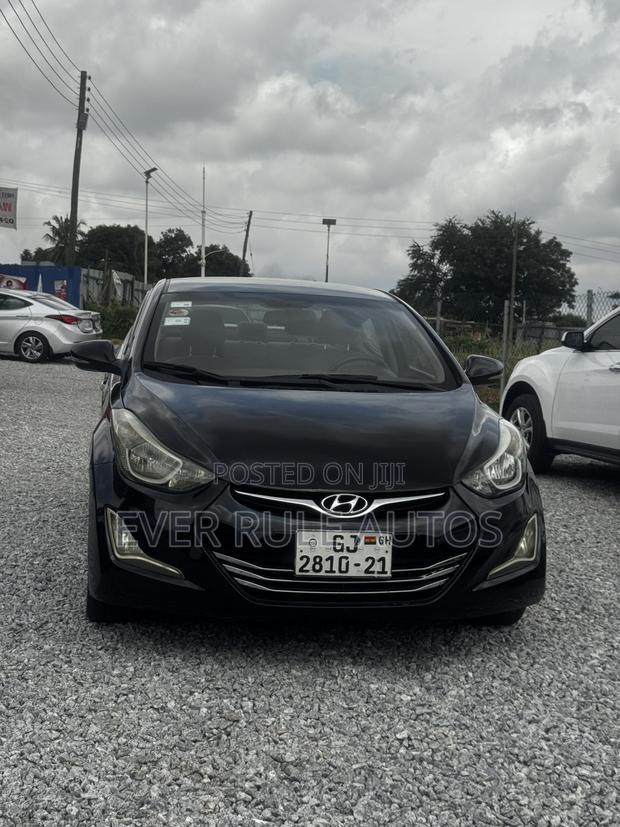 Hyundai Elantra Sport Sedan FWD (2.0L 4cyl 6A) 2016 Black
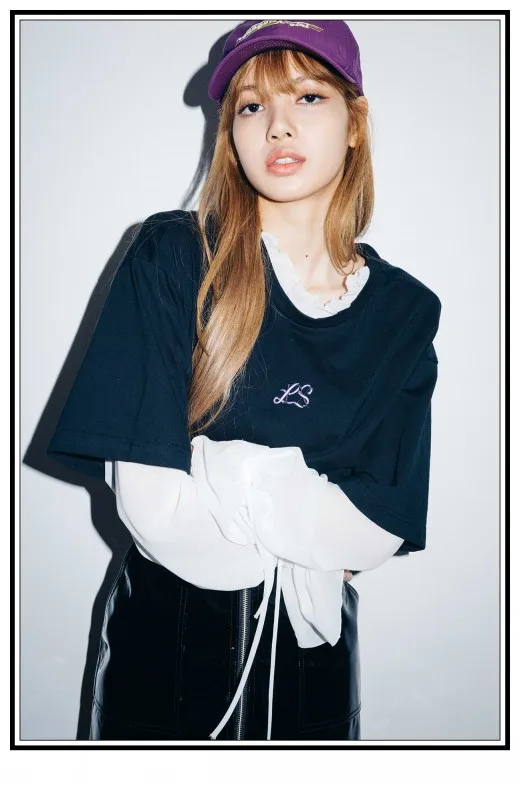 KPOP Черный Розовый домашний плакат Украшение картина hd белая фотобумага ПЕЧАТЬ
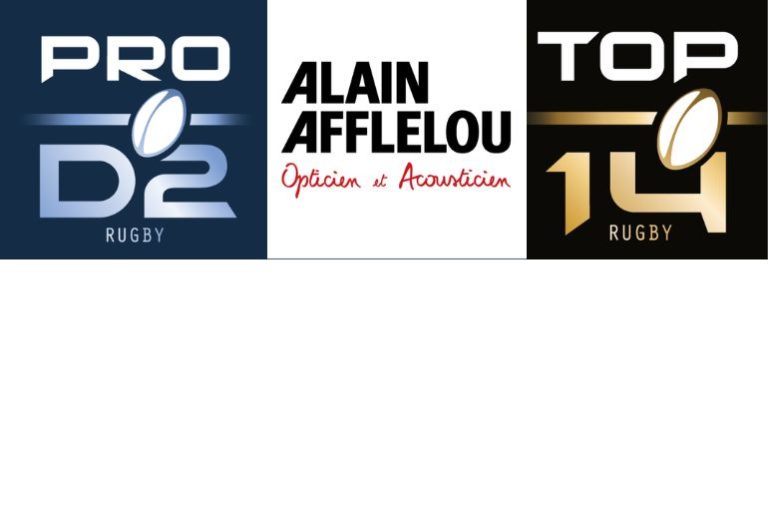 Alain Afflelou mobilisé pour la prévention lors des finales du TOP14 et de PRO D2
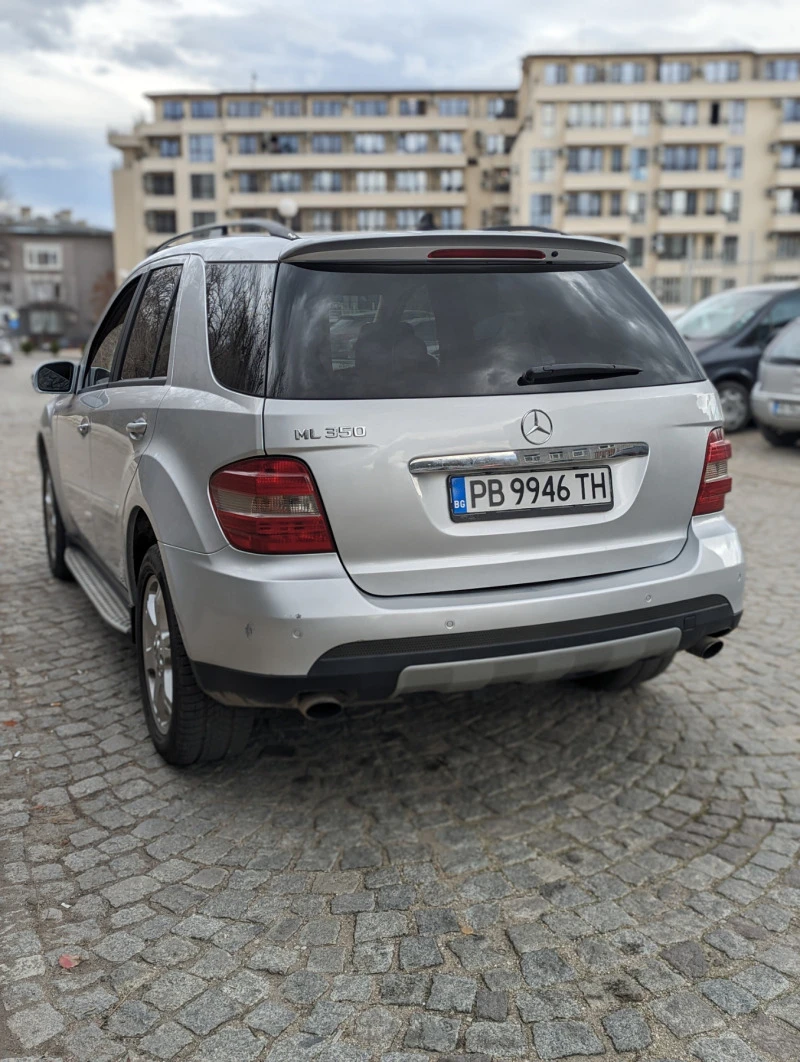 Mercedes-Benz ML 350 W164, снимка 5 - Автомобили и джипове - 47384115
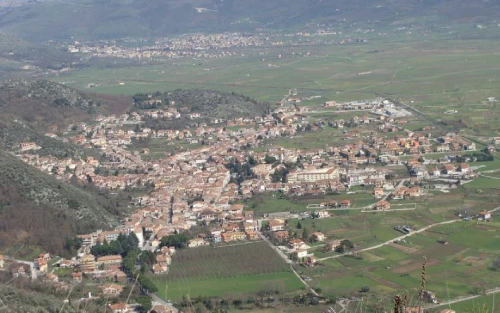Veduta del territorio di Sant’Arsenio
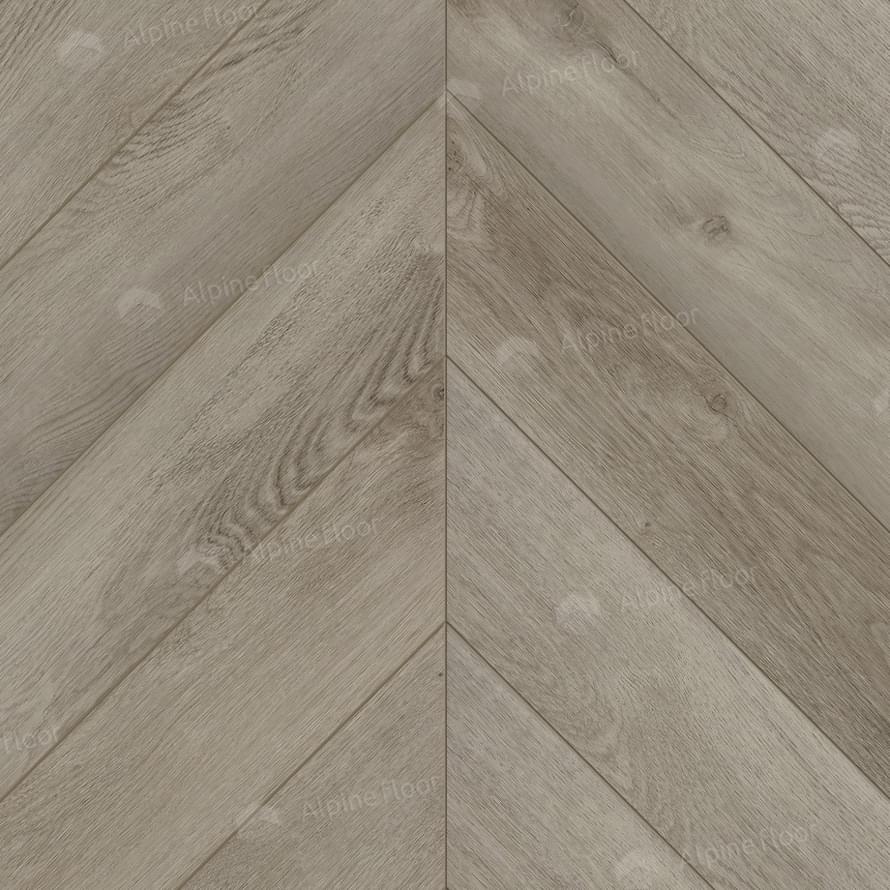 Alpine Floor Chevron Alpine LVT Дуб Фантазия 12.7x55.5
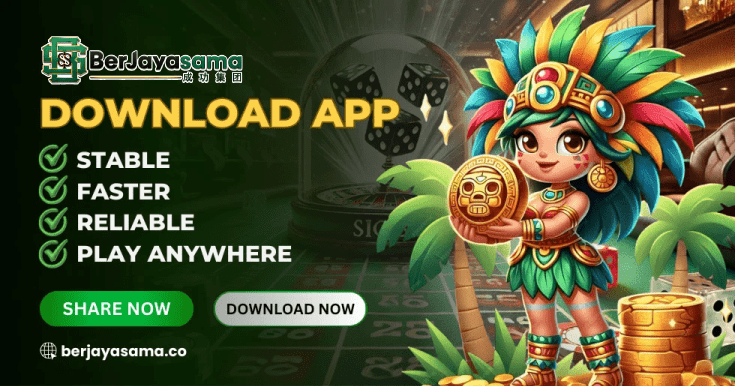 Berjaya88 Banner Download stable, faster, reliable app.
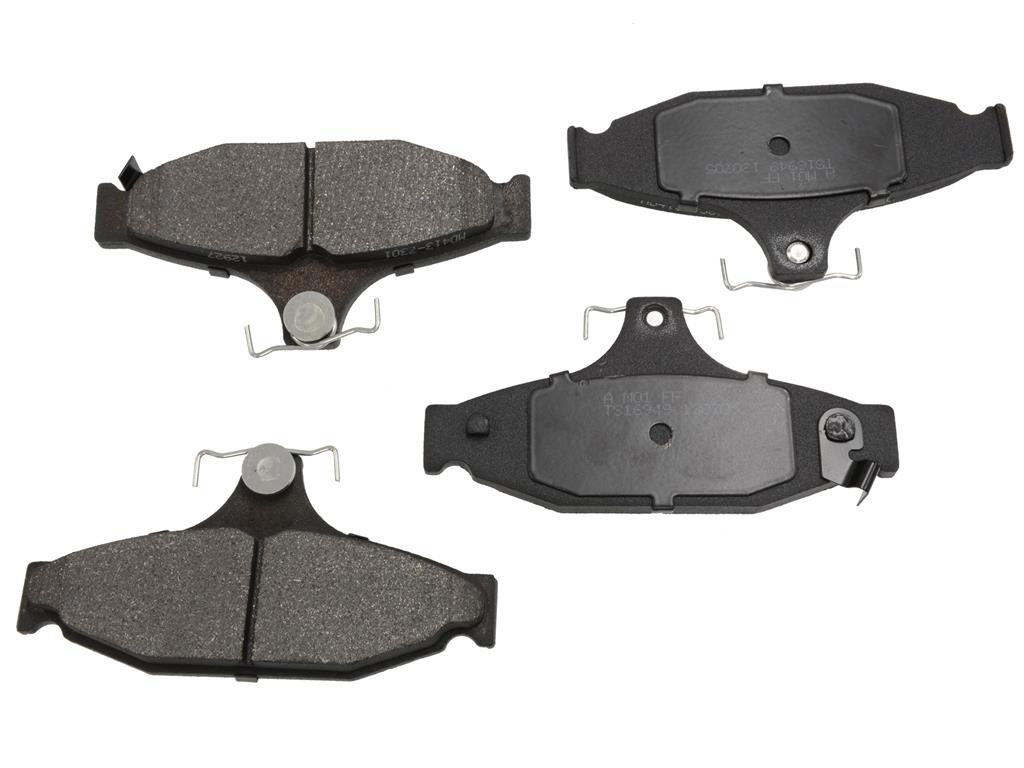 88-96 Brake Pad - Rear Axle Set - Semi-metallic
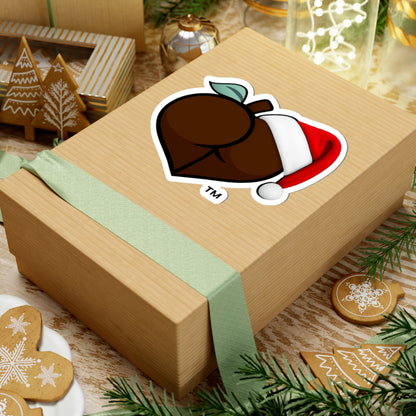 Christmas BBL (Chocolate) Stickers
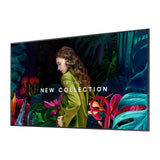 Samsung QBC Series Crystal UHD Digital Signage Display | 4K, 350 Nit, 16/7 Operation, Tizen 7, Wi-Fi, 43 to 55 Inch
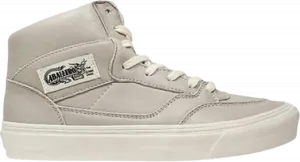 Кеды Vans Full Cab LX Leather Silver Cloud, серый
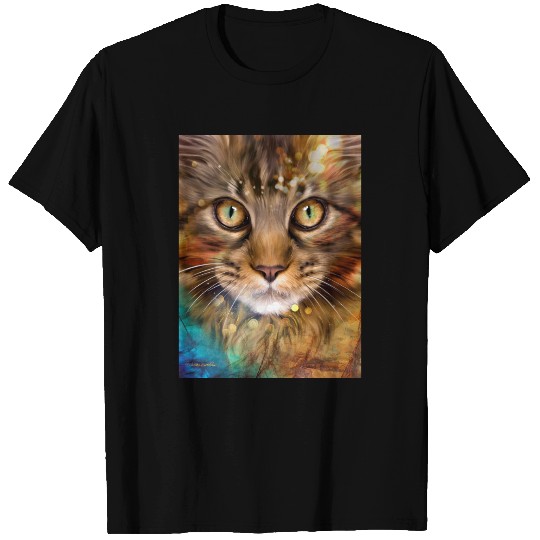 Cat face T-shirt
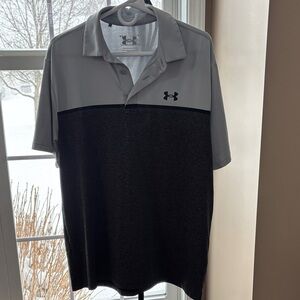 Under Armour Men's Two-Tone Polo Shirt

--------------------

Exercise: In the data above, find the line containing "Alain Afflelou mobilisé" and the line containing "Berjaya88 Banner Download". Copy exactly the stretch from the first through the second, both included, leaving out any picture.

Response to this exercise:
 Alain Afflelou mobilisé pour la prévention lors des finales du TOP14 et de PRO D2
 Mercedes-Benz ML 350 W164, снимка 5 - Автомобили и джипове - 47384115
Veduta del territorio di Sant’Arsenio
 Alpine Floor Chevron Alpine LVT Дуб Фантазия 12.7x55.5
 Berjaya88 Banner Download stable, faster, reliable app.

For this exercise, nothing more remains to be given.